How to Play an Em9 Chord on the Piano

Minor Ninth Chords

Let’s look at how to play an Em9 (“E minor ninth”) chord on the piano. We’ll also learn the pattern for building any other minor ninth chord.

What Are Minor Ninth Chords?

Minor ninth chords are minor chords with two added notes. The added notes are the seventh note of the matching major scale, lowered 1/2 step, and the ninth note of the scale.

To build a minor ninth chord, we’ll start by building a minor chord. We can build a minor chord by building the matching major chord, then lowering the middle note 1/2 step.

Then we’ll add the seventh note of the matching major scale, but lowered 1/2 step.

Then we’ll add the ninth note of the matching major scale. Since scales only have eight notes, to find the ninth, we need to repeat the scale into the next octave. The ninth note is the same as the second note of the scale, but one octave up.

chord types charts

Chord Types Printable

Learn to play 17 types of piano chords using 12 different root notes with this 34-page PDF! Chords are sorted both by their root note (C, D, E, etc.) and type (major, minor, etc.).

How to Play an Em9 Chord

So to build an Em9 chord, we’ll first need to build an Em chord. We can build an E minor chord by building an E major chord, using the first, third and fifth notes of the E major scale. Then we’ll lower the middle note 1/2 step: E – G – B.

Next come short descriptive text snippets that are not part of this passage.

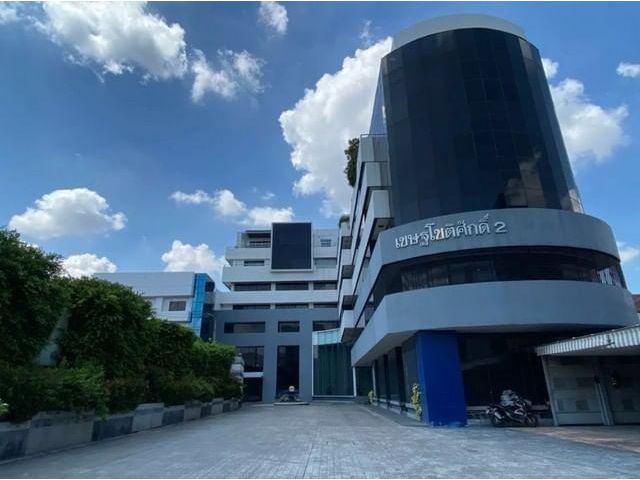 ขาย อาคาร สำนักงาน 6 ชั้น อาคารเชษฐ์โชติศักดิ์ 2 พร้อมอาคาร 4 ชั้น 6คูหา ลาดพร้าว15 เนื้อที่ 804 ตารางวา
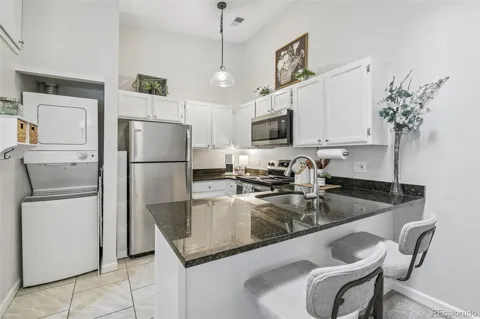 982 S Dearborn Way #18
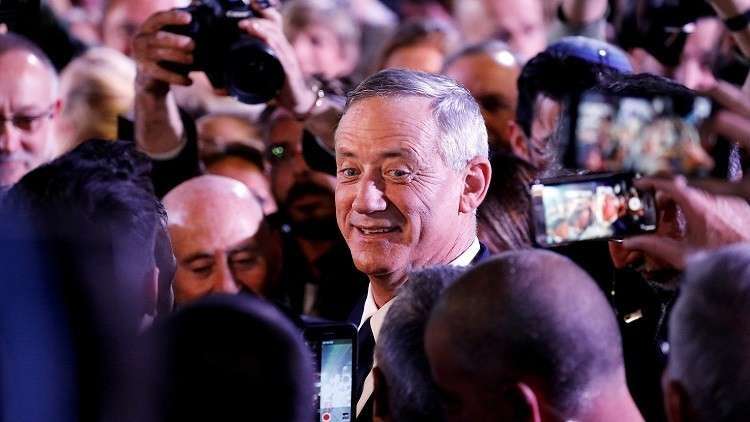 فلسطيني يقاضي قائدي الأركان وسلاح الجو الإسرائيليين السابقين في لاهاي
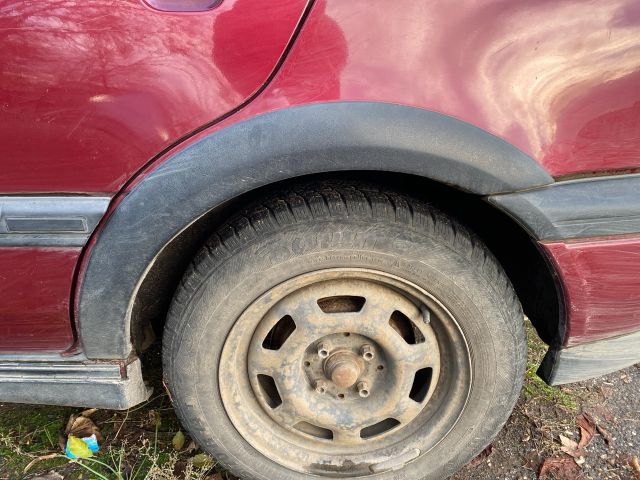 bontott VW GOLF III Bal hátsó Sárvédő Szélesítő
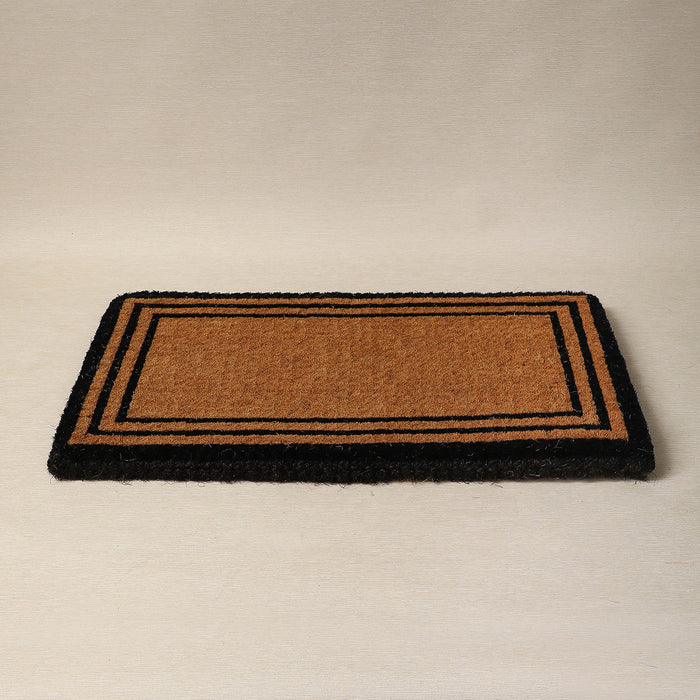 Doormat with black border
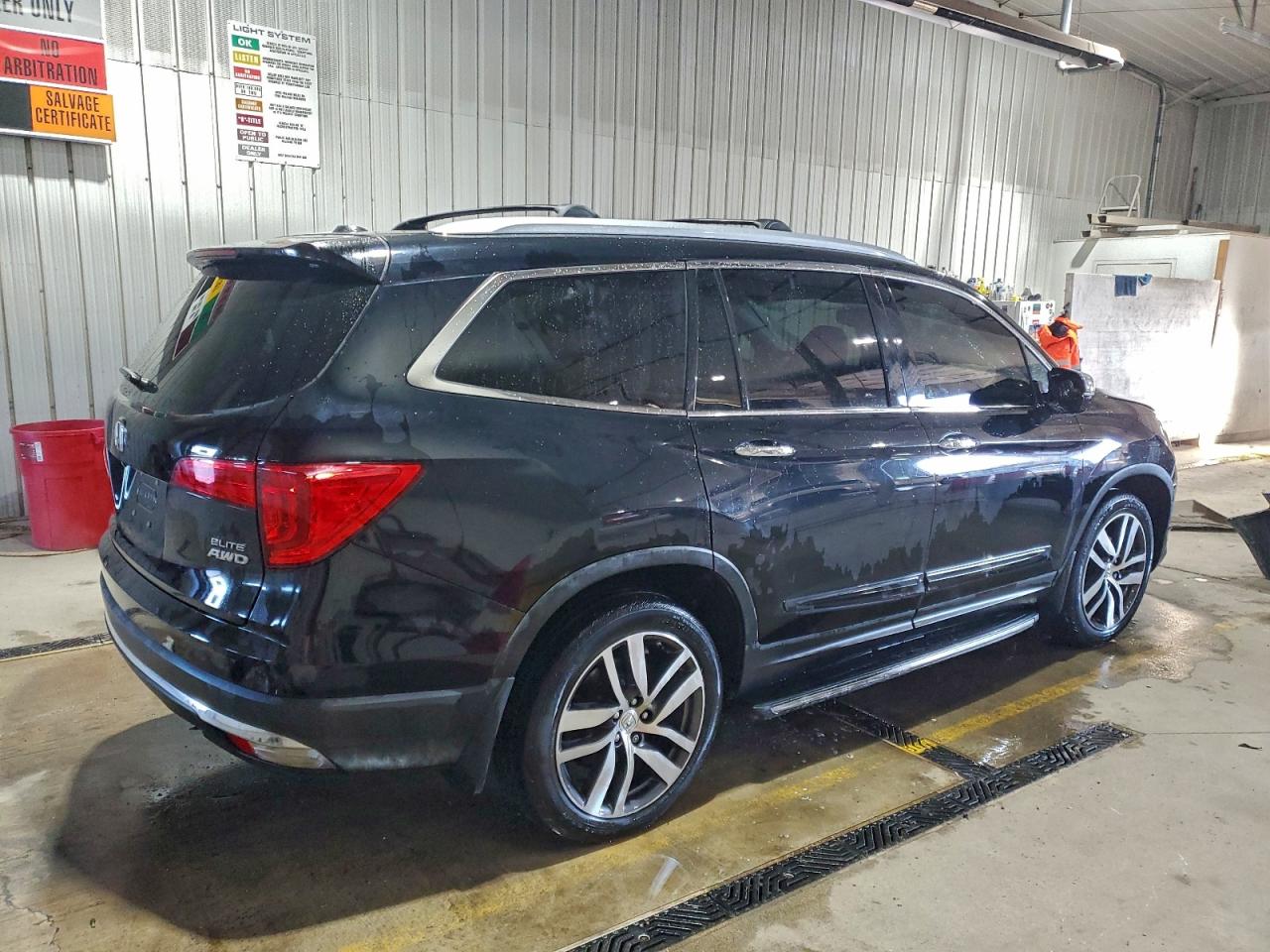 2016 HONDA PILOT ELITE photo 3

Then we’ll find the seventh note of the E major scale, D♯, and lower it 1/2 step to D.

Then we’ll repeat the scale into the next octave to find the ninth note: F♯

So to play an Em9 chord, we’ll play:

E – G – B – D – F♯

em9 chord piano

Now you know how to play an Em9 chord, and you can use this pattern to build any other minor ninth chord! First build a minor chord by taking the matching major chord and lowering the middle note 1/2 step. Then add the seventh note of the matching major scale, lowered 1/2 step. Then repeat the scale into the next octave to add the ninth note.

Fingering

You probably can’t reach all these notes in this order with your right hand only, so you could try playing an E octave with your left hand, then playing the G – B – D – F♯ with your right hand using fingers 1 – 2 – 3 – 5 (thumbs are 1’s).

Or you could move the F♯ down to the position of a second, and then play the E octave with your left hand, and play the rest of the notes in this order with your right hand: F♯ – G – B – D using fingers 1 – 2 – 3 – 5.

Conclusion

Minor ninth chords are complex and pretty, and now you can start using them in your own music!

Chords are a great way to learn and enjoy the piano, and provide lots of room for creativity.